Segue l’isolamento, determinato dal continuo tentativo dell’uomo di limitare la donna, i contatti con la propria rete parentale e amicale, la possibilità di coltivare hobby o altri interessi. L’isolamento può passare anche attraverso l’impedimento alla donna di lavorare al fine di escluderla dal contesto sociale lavorativo. In questo modo la donna perde i punti di riferimento e di confronto sociali e familiari e l’autonomia economica.

Un’ulteriore caratteristica di chi usa violenza è la svalorizzazione di ogni attività della donna. L’obiettivo è privarla dell’autostima per renderla insicura e maggiormente controllabile. Seguono distruzione di oggetti e altri beni della donna, atti intimidatori non solo rivolti a lei direttamente, ma anche indirettamente, ad esempio verso animali o persone a lei care.
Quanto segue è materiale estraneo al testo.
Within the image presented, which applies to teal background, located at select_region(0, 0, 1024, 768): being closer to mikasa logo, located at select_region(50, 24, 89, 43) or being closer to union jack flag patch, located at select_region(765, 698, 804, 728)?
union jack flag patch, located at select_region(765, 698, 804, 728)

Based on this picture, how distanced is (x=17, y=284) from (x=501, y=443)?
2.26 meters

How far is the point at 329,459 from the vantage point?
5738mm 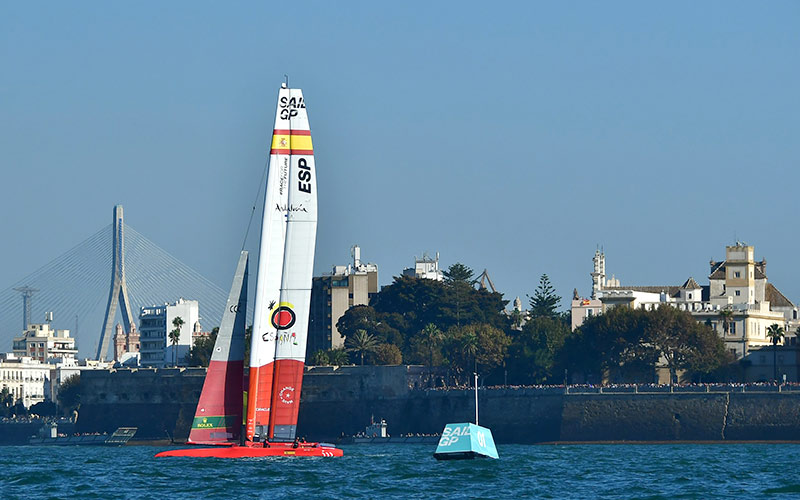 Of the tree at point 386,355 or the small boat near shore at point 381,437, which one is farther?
the tree at point 386,355

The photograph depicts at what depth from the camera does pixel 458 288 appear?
154m

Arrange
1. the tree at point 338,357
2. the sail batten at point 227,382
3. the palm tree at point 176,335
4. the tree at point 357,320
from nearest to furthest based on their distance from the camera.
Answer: the sail batten at point 227,382 → the tree at point 338,357 → the tree at point 357,320 → the palm tree at point 176,335

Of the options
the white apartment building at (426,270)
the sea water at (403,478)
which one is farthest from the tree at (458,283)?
the sea water at (403,478)

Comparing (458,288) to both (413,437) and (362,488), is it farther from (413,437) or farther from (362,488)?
(362,488)

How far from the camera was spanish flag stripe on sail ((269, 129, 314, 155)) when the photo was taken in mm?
65188

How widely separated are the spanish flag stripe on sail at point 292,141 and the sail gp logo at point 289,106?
630mm

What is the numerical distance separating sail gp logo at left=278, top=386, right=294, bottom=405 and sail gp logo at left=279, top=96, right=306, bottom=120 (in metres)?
10.5

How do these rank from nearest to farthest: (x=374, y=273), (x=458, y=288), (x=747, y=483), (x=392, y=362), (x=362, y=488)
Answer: (x=362, y=488)
(x=747, y=483)
(x=392, y=362)
(x=458, y=288)
(x=374, y=273)

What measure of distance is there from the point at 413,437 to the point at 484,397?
19.4ft

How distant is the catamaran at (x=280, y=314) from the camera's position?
65250 millimetres

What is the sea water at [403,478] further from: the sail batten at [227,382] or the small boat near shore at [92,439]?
the small boat near shore at [92,439]

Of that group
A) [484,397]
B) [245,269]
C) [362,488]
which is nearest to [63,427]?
[484,397]

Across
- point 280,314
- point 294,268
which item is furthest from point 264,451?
point 294,268

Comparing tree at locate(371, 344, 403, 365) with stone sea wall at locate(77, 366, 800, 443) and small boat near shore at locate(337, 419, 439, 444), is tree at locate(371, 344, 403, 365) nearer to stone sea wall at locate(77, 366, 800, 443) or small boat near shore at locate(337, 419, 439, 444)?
stone sea wall at locate(77, 366, 800, 443)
In completa solitudine aumenta la sua incapacità di vedere vie di uscita e di cambiare la sua situazione. La donna vive in uno stato di reclusione e isolamento affettivo; infatti tutti gli aspetti della sua vita possono finire sotto controllo: posta, telefonate, sottrazione dei documenti. Si può attivare in tali casi una vera e propria segregazione, cioè una forma di ulteriore isolamento per negare l’autodeterminazione della donna.
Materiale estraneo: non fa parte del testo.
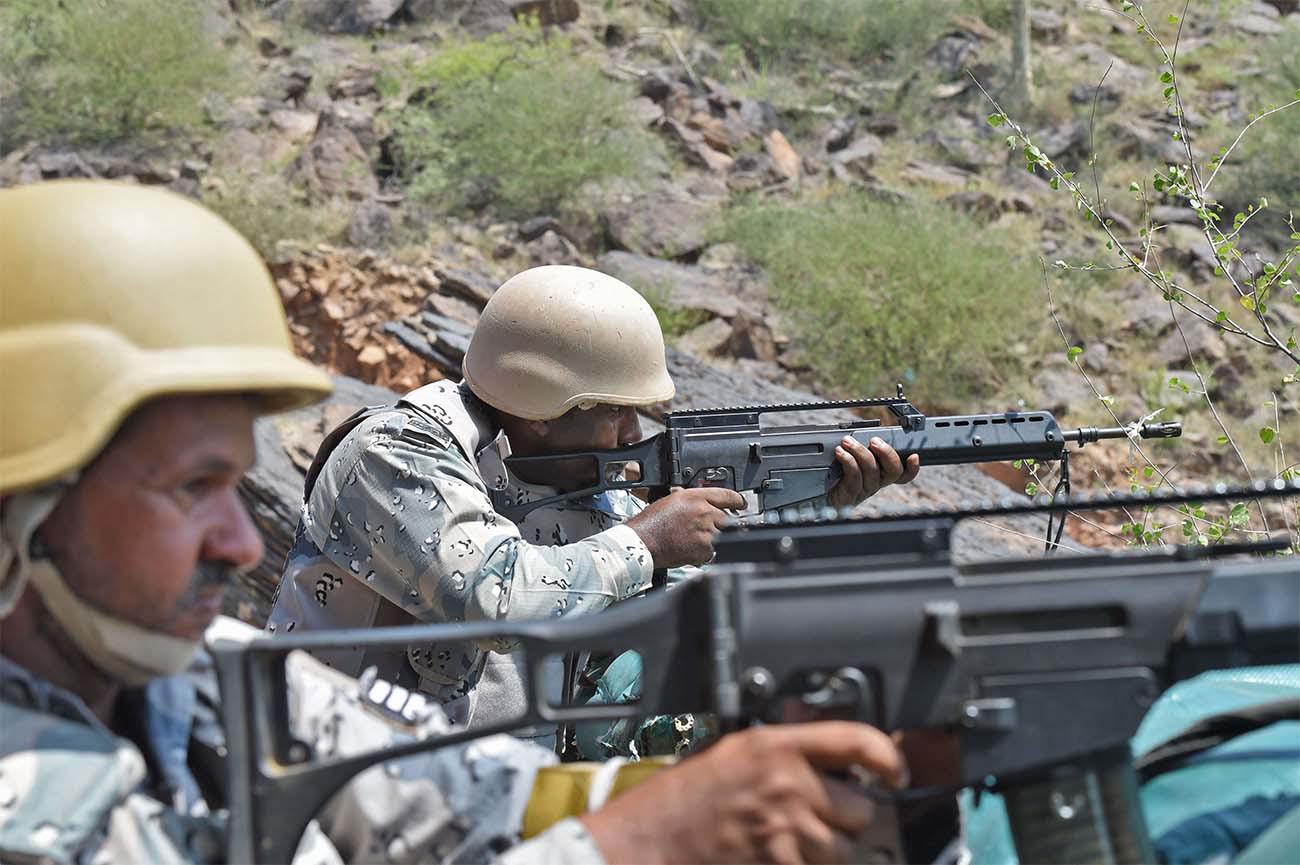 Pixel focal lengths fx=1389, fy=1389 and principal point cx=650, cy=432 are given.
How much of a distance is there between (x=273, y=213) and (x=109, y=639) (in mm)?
10347

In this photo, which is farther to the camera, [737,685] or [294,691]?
[294,691]

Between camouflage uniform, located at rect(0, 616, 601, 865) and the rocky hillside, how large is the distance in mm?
5520

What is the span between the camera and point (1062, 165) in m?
15.1

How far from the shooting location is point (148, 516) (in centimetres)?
166

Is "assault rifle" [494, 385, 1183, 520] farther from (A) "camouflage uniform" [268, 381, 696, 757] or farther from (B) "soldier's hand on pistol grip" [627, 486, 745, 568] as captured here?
(A) "camouflage uniform" [268, 381, 696, 757]

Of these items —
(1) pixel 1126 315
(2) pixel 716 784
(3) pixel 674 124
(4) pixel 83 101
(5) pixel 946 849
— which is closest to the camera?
(2) pixel 716 784

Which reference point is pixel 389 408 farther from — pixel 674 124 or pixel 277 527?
pixel 674 124

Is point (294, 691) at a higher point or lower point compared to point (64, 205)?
lower

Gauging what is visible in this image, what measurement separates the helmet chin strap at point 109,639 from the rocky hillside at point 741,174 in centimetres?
571

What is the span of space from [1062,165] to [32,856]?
14.9m

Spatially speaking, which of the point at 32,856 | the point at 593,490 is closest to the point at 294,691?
the point at 32,856

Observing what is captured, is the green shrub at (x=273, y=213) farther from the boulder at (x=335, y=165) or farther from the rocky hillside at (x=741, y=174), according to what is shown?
the boulder at (x=335, y=165)

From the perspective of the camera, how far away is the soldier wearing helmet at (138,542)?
160 centimetres

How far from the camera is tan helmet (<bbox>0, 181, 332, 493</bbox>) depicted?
5.27 feet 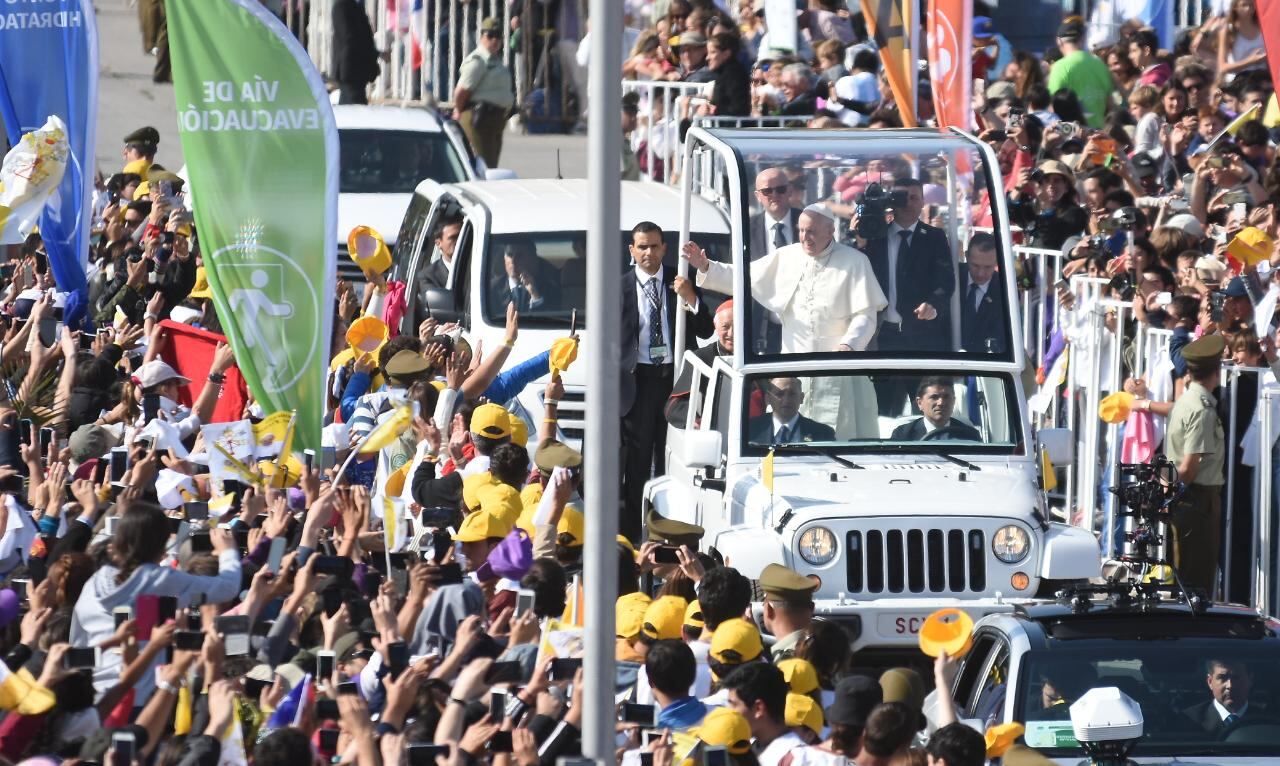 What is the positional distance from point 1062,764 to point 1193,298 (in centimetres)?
532

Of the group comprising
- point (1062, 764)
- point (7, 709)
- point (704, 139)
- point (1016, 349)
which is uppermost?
point (704, 139)


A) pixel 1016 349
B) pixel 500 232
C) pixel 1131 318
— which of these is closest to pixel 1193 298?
pixel 1131 318

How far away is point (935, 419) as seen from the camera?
37.8 ft

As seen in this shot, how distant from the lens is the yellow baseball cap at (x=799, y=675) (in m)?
7.88

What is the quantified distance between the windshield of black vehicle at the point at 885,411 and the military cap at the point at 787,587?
6.81ft

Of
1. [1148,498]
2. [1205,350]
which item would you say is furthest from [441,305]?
[1148,498]

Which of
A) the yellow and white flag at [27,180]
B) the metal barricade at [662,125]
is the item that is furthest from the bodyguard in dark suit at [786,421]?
the metal barricade at [662,125]

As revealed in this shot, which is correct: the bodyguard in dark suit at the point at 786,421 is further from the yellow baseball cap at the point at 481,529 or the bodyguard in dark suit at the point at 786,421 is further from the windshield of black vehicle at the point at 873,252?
the yellow baseball cap at the point at 481,529

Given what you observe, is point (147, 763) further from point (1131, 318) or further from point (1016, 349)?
point (1131, 318)

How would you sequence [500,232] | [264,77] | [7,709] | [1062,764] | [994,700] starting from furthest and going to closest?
[500,232]
[264,77]
[994,700]
[1062,764]
[7,709]

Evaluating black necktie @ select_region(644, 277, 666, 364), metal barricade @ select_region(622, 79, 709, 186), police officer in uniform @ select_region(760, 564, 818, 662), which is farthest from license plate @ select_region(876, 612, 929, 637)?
metal barricade @ select_region(622, 79, 709, 186)

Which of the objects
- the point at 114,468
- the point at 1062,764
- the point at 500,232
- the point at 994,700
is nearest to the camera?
the point at 1062,764

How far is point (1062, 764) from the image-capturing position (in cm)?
788

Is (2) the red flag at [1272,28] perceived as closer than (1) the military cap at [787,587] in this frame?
No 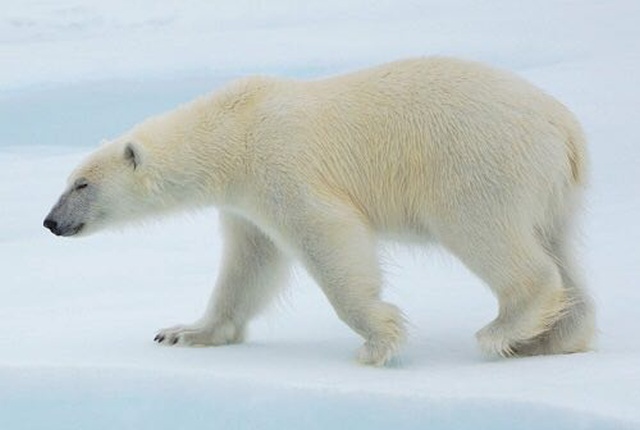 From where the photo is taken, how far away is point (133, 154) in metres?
4.16

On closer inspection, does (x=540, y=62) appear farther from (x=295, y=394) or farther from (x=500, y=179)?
(x=295, y=394)

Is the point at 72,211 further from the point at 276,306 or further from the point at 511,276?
the point at 511,276

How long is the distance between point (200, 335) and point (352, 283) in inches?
26.8

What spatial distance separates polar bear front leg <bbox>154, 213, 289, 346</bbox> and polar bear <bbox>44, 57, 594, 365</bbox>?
0.12 meters

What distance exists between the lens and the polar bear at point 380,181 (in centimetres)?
397

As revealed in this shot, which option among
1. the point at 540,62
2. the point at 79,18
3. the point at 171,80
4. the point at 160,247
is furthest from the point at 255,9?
the point at 160,247

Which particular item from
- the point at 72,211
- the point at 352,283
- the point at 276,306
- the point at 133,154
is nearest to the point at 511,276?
the point at 352,283

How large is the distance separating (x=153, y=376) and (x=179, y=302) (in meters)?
1.21

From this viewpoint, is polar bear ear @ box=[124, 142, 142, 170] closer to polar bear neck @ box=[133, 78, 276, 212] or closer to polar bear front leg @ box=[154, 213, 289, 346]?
polar bear neck @ box=[133, 78, 276, 212]

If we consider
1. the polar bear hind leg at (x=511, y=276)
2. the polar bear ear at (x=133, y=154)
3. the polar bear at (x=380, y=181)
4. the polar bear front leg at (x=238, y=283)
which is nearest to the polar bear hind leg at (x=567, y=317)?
the polar bear at (x=380, y=181)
Quando la donna inizia a ribellarsi e cerca di uscire dalla violenza, l’abusante l’aggredisce fisicamente per ristabilire lo status quo, incuterle terrore e impedirle di reagire o di andarsene.

La violenza aumenta di intensità. Spesso le donne sono costrette a subire rapporti sessuali contro la loro volontà perché minacciate con ritorsioni o violenze fisiche. In molte donne s’insinua anche l’obbligo di assolvere ad un dovere coniugale sulla base del ruolo stereotipato.

A questo punto, dopo le aggressioni seguono le false riappacificazioni, cioè falsi pentimenti, caratterizzati da regali, promesse quali “non lo farò più”; “ ti giuro che cambierò”. Purtroppo, questa luna di miele è temporanea e crea la falsa illusione che non si debba ripresentare una nuova violenza.

Questo comportamento genera confusione: la donna è spinta a credere, anzi vuole credere, che il compagno sia finalmente cambiato. In realtà stiamo parlando di un meccanismo strategico messo in atto dall’uomo che continua a perpetuare il controllo sulla donna.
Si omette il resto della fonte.